La questione è che sarebbe buona cosa non solo leggere le informazioni e impararle a memoria, ma almeno assaggiare quel che si presenta. Averne una vaga idea. Viverlo. E invece sempre più spesso i lanci di nuove referenze di spiriti e liquori vengono affidati a giovini con gli occhi tracimanti l’orrore puro della nobildonna di fronte al fiasco, che preferirebbero parlare di balsamo per capelli ricci o di chiavi a brugola in una nuova lega metallica resistentissima. Dispersi in un mondo – quello degli alcolici e della relativa stampa specializzata – che trovano bizzarro quanto quello del Cappellaio Matto, ripetono le filastrocche che altri laureati in marketing prima di loro hanno steso in perfetto ufficiostampese, andando incontro a figure di palta.
Allo sbaraglio come reclute sulle Ardenne, si lanciano all’assalto del ridicolo cannando ogni tipo di nozione, invertendo blended e single malt, facendo confusione tra i tipi di alambicchi, semplificando oltre ogni limite e parlando per stereotipi (il gin sempre “aromatico”, il brand sempre “esclusivo”). Cosa che nella scala del fastidio si colloca appena sotto alla rottura del tappo quando si apre una bottiglia di Tignanello di Antinori.
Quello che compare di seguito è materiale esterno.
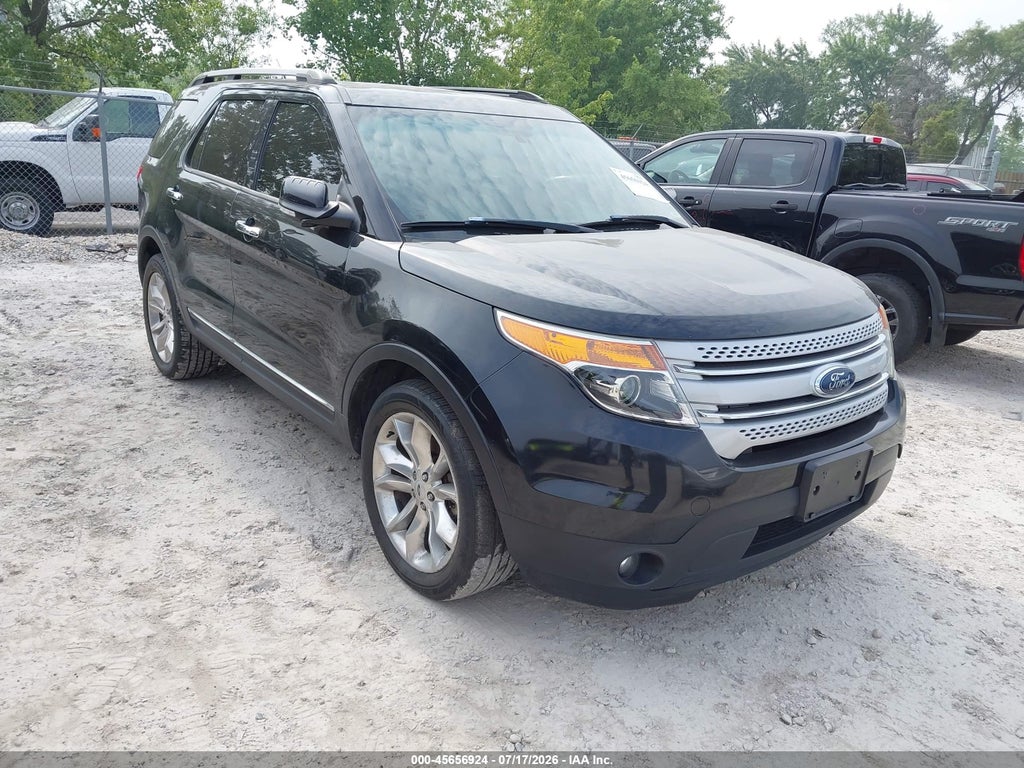 2014 FORD EXPLORER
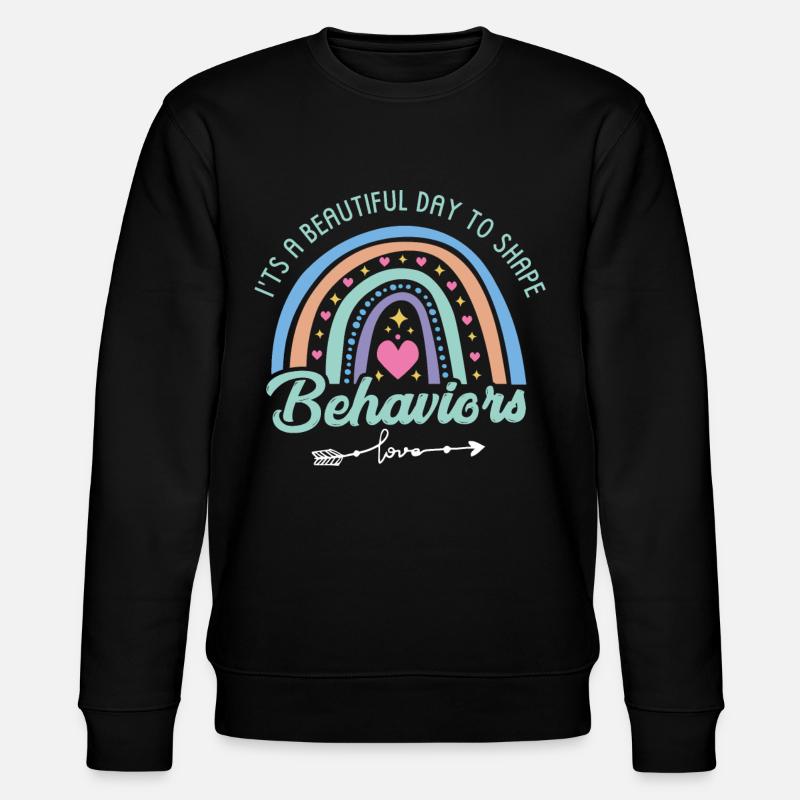 Enseignants du primaire - Sweat bio CHANGER Stanley/Stella Unisexe - noir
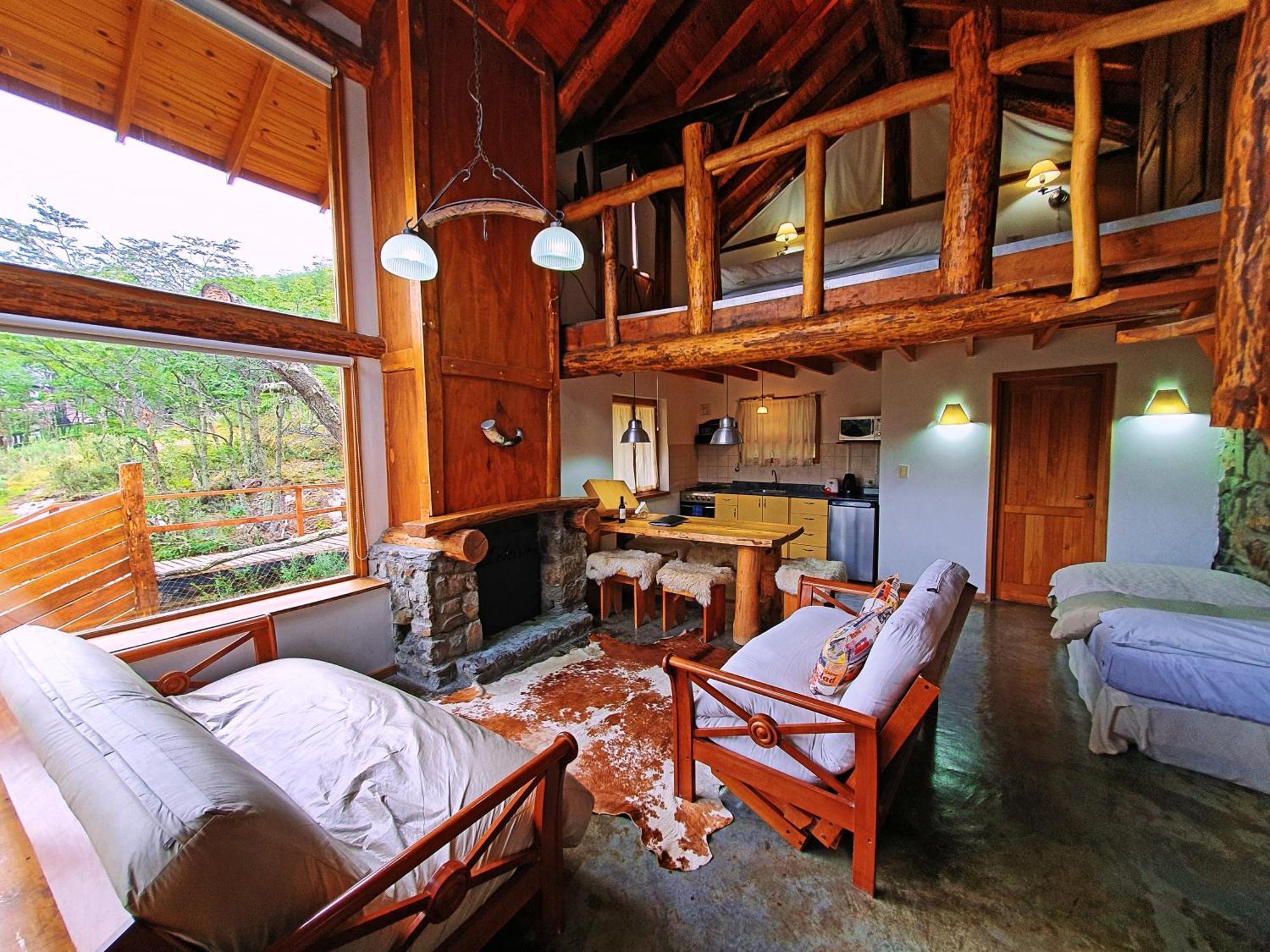 Patagonia Villa Lodge ウシュアイア エクステリア 写真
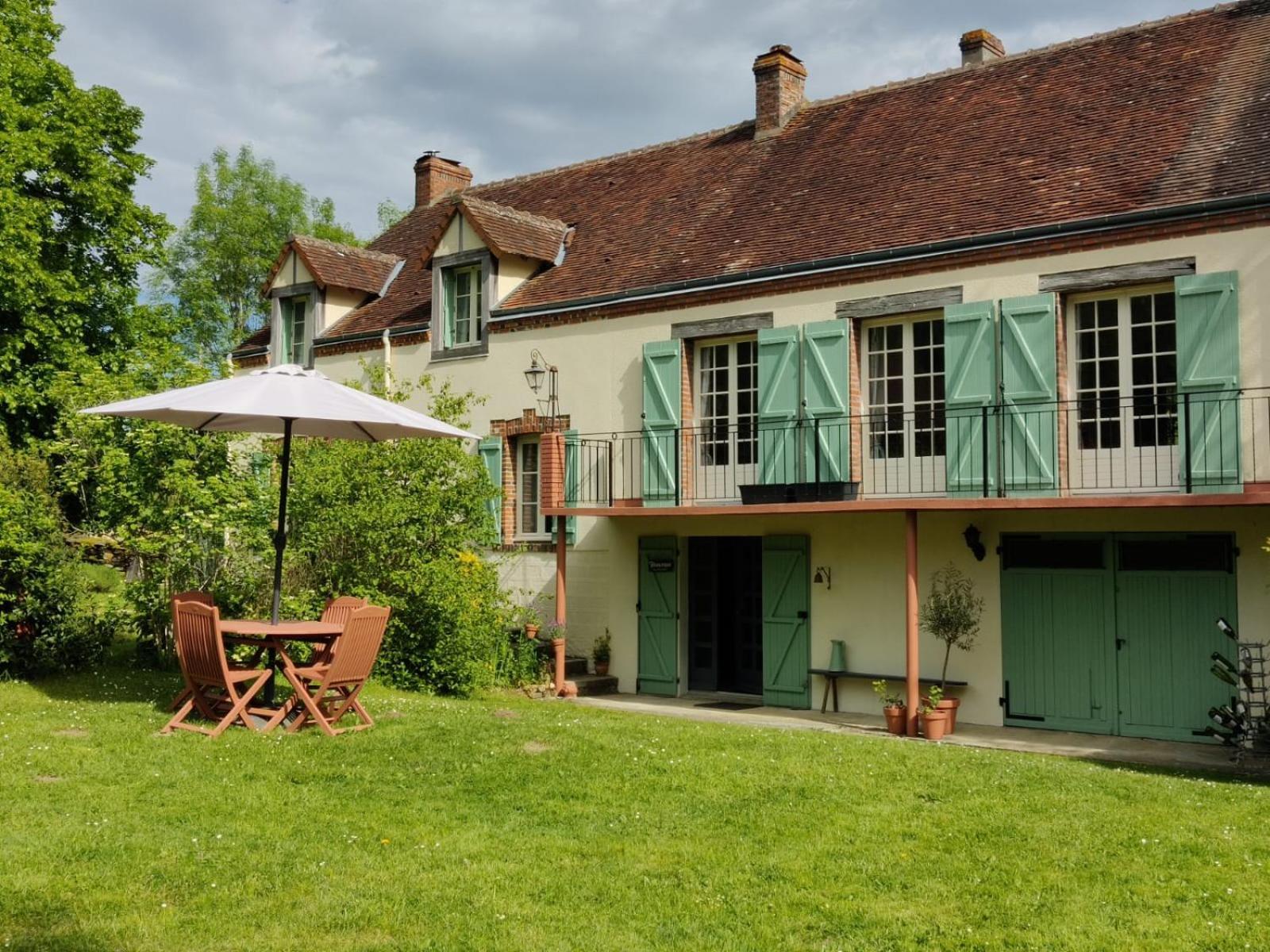 Chambres D'Hotes / B&B Chez Mon Reve Eguzon-Chantome Zewnętrze zdjęcie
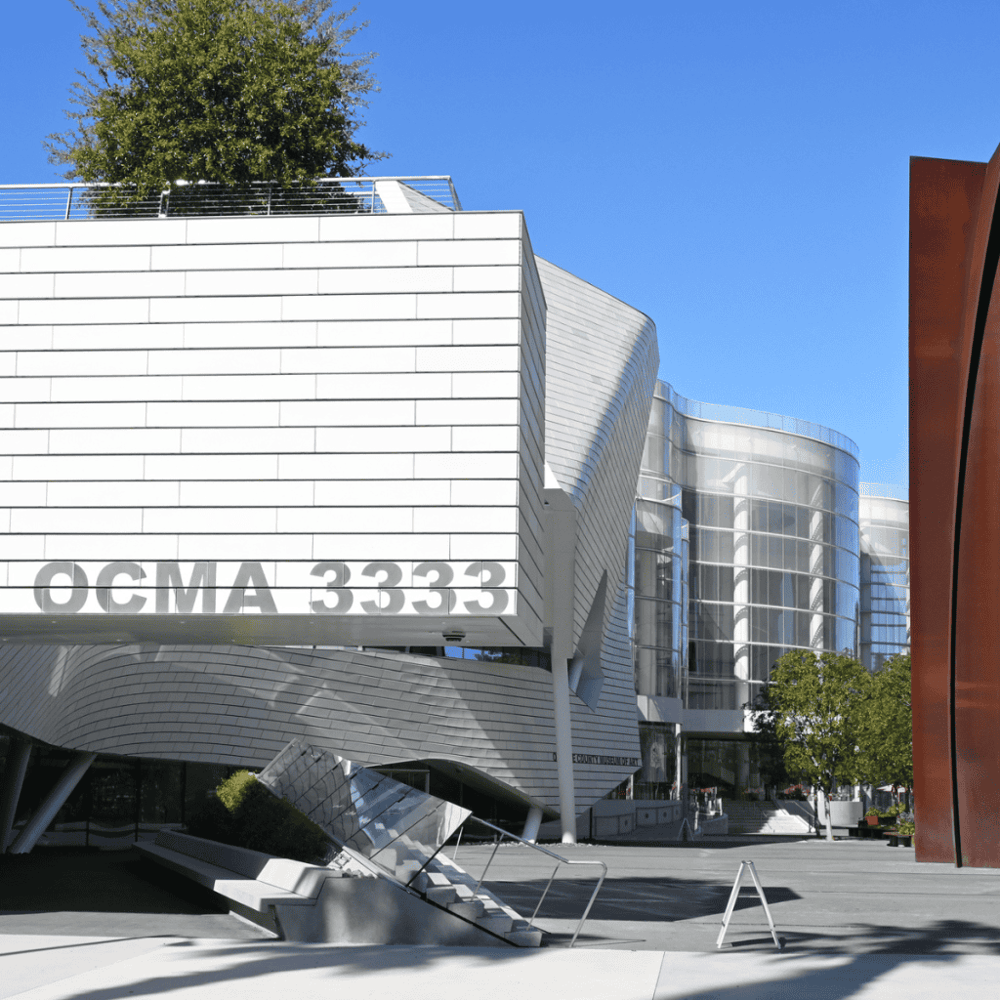 Orange County Museum of Art (OCMA)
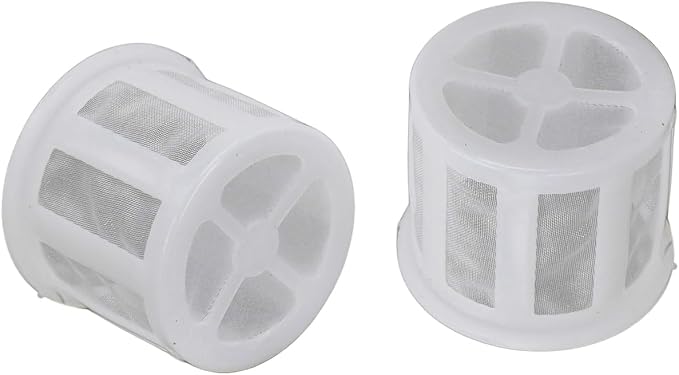 Fuel Tank Fuel Filter Strainer 0H1326 17672-899-000 Compatible with Generac Centurion Portable Gas Generator GP5500 GP6500 GP8000 XC8000 Compatible with Honda Predator Generator 2PCS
Per cui, questo è un appello alle aziende. Se proprio dovete scegliere i vostri ambassador allo Iulm e non al bar, cosa che ci sembra poter garantire maggiori performance, almeno cambiate i test di selezione: meno manuali di story-telling e più sessioni di assaggio. Perché tutto si può perdonare a chi parla di alcolici tranne che di apparire un astemio paracadutato controvoglia sul pianeta degli spiriti.